Gracias a las pruebas que hice con él, he seguido construyendo nuevas piezas. Pinté la última sin un propósito concreto. A veces parece que son los propios colores y la punta del rotulador los que deciden el diseño. Cuando la vi acabada me entró la risa. Tengo que enseñársela para ver lo que le sugiere…
No voy a desvelar el motivo de mi risa. Cada uno es libre de establecer las asociaciones y conexiones que quiera…
El ovillo me ha hecho pensar que es posible compartir buenos momentos con los enfermos de alzhéimer, aun cuando la enfermedad esté en un estado avanzado. La carga emotiva que a veces poseen los pequeños gestos son los que importan.
No hace muchos días mi padre me dijo en el transcurso de una conversación telefónica que no hay que olvidarse de disfrutar de las pequeñas cosas. Su comentario no fue gratuito. Estaba relacionado con lo que estábamos hablando y tenía relación con la escuela y alguna actividad que había hecho con los niños.

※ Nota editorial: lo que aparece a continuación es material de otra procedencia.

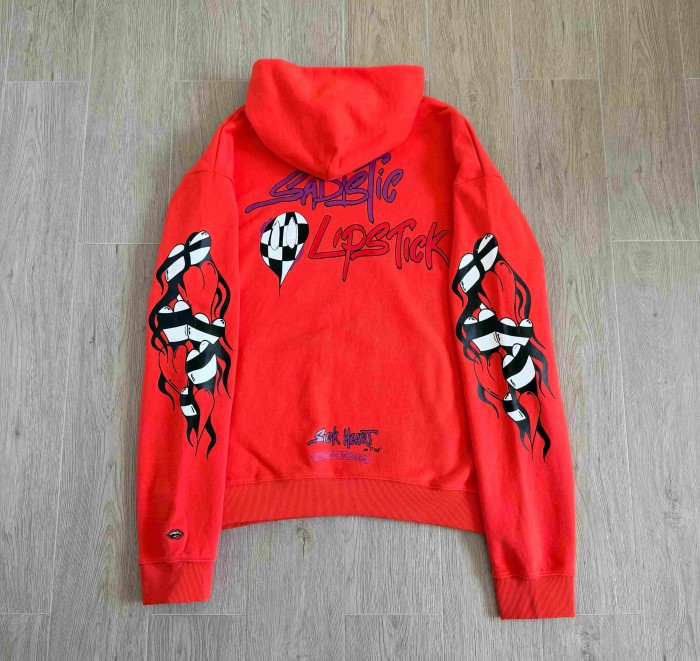 1:1 quality version Purple Logo Sleeve Black White Flame Heart Back Letter Hoodie 29530670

Escribí su frase en un papel como siempre hago cuando dice cosas que me llaman la atención y me pareció maravilloso que todavía fuera capaz en cierta manera de filosofar y de pensar y decir cosas bonitas. Me demostró también que estaba conectado con la conversación que manteníamos. La escuela le interesa. La suya y la mía. Sonrío mientras lo escribo. Gracias al efecto de las conversaciones espejo ahora emplea la expresión: «nuestra escuela«. Me pareció delicioso oírselo decir hace unos días. Lo pronunció con tono de pregunta y yo respondí afirmativamente con una sonrisa: Sí, sí, nuestra escuela.
Confío que ambos sabremos encontrar la manera de seguir disfrutando de pequeñas cosas, el tiempo que podamos compartir.